Alain Finkielkraut – comme l’ensemble de la défense médiatique qui entoure DSK de sa réserve et sa sollicitude – invoque la « présomption d’innocence » là où pour d’autres il inciterait à « la tolérance zéro ».

Dans l’affaire du RER D, lorsqu’une jeune femme non juive avait prétendu en 2004 faire l’objet d’une agression antisémite menée par d’affreux banlieusards arabes et noirs, ni Alain Finkielkraut ni DSK lui-même n’avaient jugé bon de défendre la présomption d’innocence des accusés.

L’empressement des élites politiques (et des journalistes à leur service) à faire le procès médiatique de la jeunesse des banlieues, des pauvres, des Arabes, des Noirs, des musulmans, contraste avec la retenue et la suspension du jugement exigées dans le cadre de l’« affaire DSK ». À l’antenne de France 2, au mépris de toute présomption d’innocence des inculpés fictifs, Dominique Strauss-Kahn avait alors livré ce commentaire :

« Si c’est un coup monté, évidemment ce serait criticable en tant que coup monté, mais ça ne changerait rien au fait que c’est la dixième ou vingtième agression de ce genre.  »

Pour être valide et pertinent, ce jugement devrait pouvoir s’appliquer à sa propre affaire.

Mais ce jugement-là – comme les autres jugements médiatiques relatifs aux crimes sexuels – ne résiste pas au relativisme moral des classes dominantes qui modulent leur compassion et leur sens prétendument universel de la justice en fonction de la classe et de l’appartenance religieuse et raciale des individus impliqués.

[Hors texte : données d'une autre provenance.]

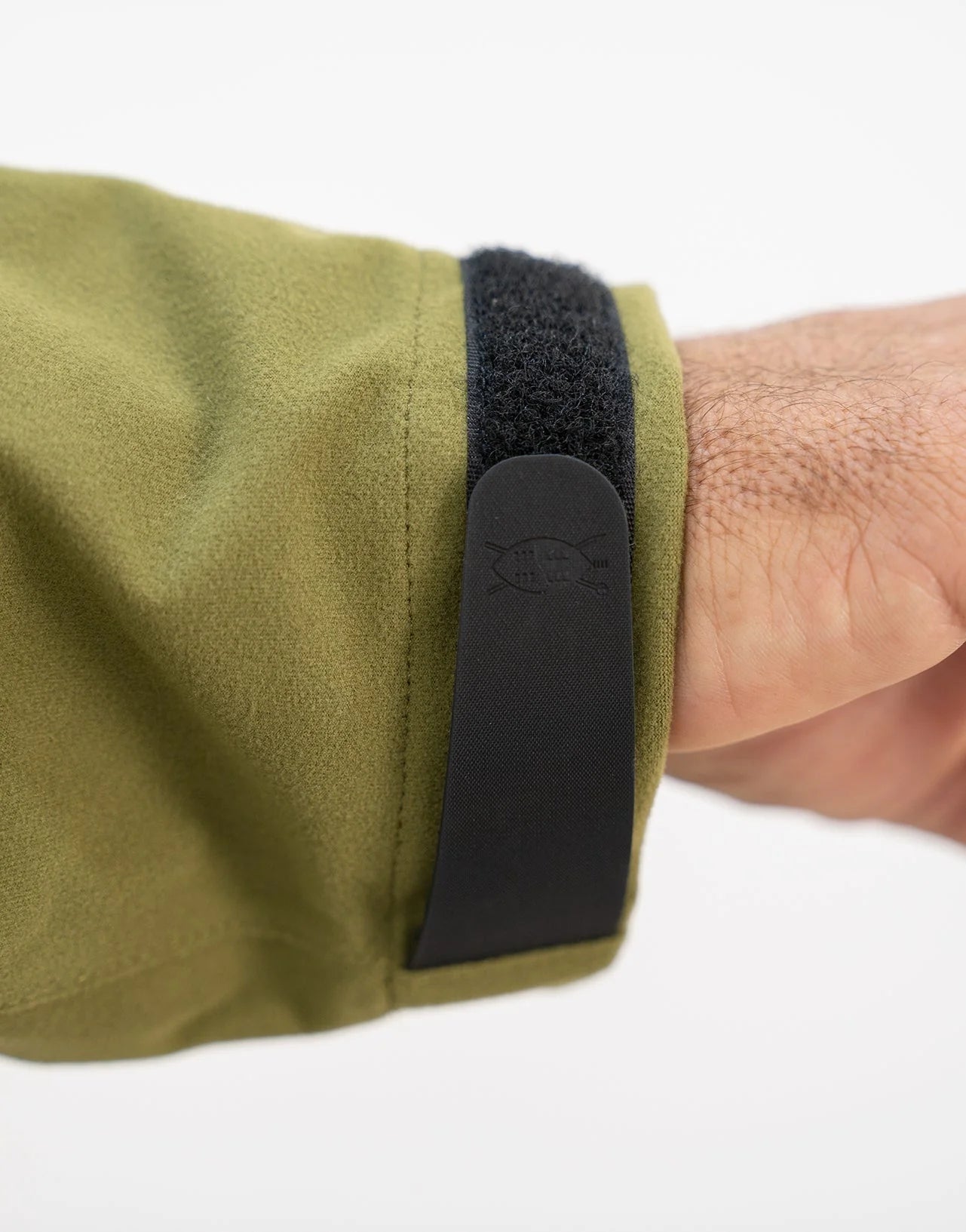 Swazi Kagoule Anorak with adjustable Velcro cuffs, large hand warmer pocket, and hood, showcased on a person, emphasizing its utility and quiet waterproof design.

Ainsi s’affiche une volonté de préserver la famille de DSK inversement proportionnelle à la mise en scène de la famille « africaine » de Nafissatou Diallo.

 

Plongée exotique dans la « communauté de celle qui accuse DSK »

 

La victime et sa famille font l’objet d’une visibilisation excessive qui contraste, une nouvelle fois, avec la « retenue », la « décence », le « respect » qui entourent celle de l’accusé. La sphère médiatique scrute le milieu de l’« accusatrice ». Le JDD (22 mai) propose ainsi « une plongée dans la communauté qui accuse DSK ». Aucune semblable immersion dans la communauté de l’autre partie ne sera proposée aux lecteurs. L’introduction de cet article signé Marie-Christine Tabet ressemble de façon presque assumée à une carte postale coloniale – dont elle a, diront les nostalgiques, le charme suranné :

« Le port de tête est altier. Les cheveux bruns élégamment coiffés ont été lissés et crantés sur les côtés. Le portrait évoque un cliché des années 1950 aux couleurs retouchées. Cette jolie Africaine aux allures de princesse est la femme la plus recherchée de la planète. »

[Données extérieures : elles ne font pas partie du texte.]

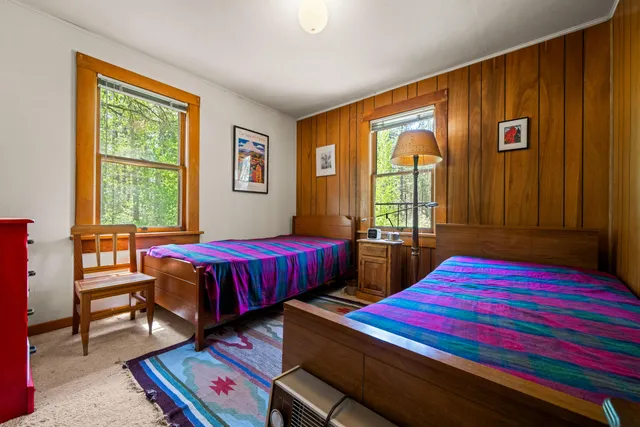 a bedroom with two beds and a window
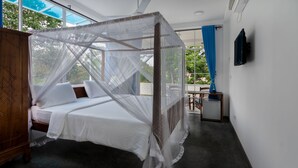Un dormitorio con cama con dosel, un armario de madera y un televisor montado en la pared.
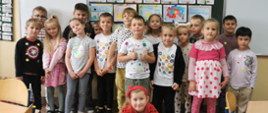Grupa dzieci stoi a za nimi tablica na ścianie z kolorowymi obrazkami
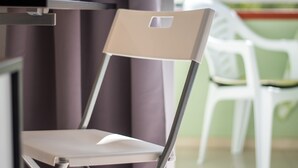 A modern room with a foldable chair, a table, and a view of the outdoors. - Incredible Relax Studio with Mountain Views and High Speed WIFI (Puerto de la Cruz)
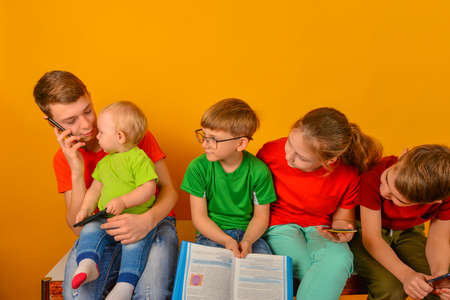 The older brother is talking on the phone, and the other children are looking at him.の写真素材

Le texte trace ensuite le parcours de Nafissatou Diallo, non sans multiplier les ellipses qui accentuent la dramaturgie obscène du récit. « C’est une femme peule et musulmane », nous apprend la journaliste ou, évoquant la rencontre avec la sœur de la victime, « c’est son mari qui sert d’intermédiaire ». Enfin, l’article se clôt par le constat des difficultés auxquelles sera confrontée la victime, notamment « l’avidité des médias » mais «  surtout le regard implacable de sa communauté ».

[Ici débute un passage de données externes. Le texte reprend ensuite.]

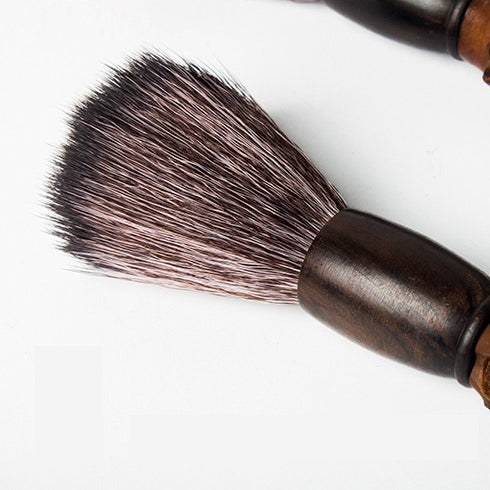 Eco-friendly teapot cleaning brush in action, demonstrating its effectiveness at cleaning hard-to-reach areas.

Comme si son milieu d’origine ne pouvait pas, tout au contraire, lui apporter un soutien : dans l’imaginaire post-colonial, certaines communautés ne peuvent être que préjudiciable à leurs membres, surtout féminins. Dans le même genre de petits reportages évocateurs de Tintin au Congo, on trouve celui du Figaro (24 mai) intitulé : « Tchiakoullé en Guinée, village de l’accusatrice de DSK » – et toujours nulle trace d’un papier anthropologique tel que : « Neuilly-sur-Seine en France, village de celui qui aurait violé Nafissatou Diallo ».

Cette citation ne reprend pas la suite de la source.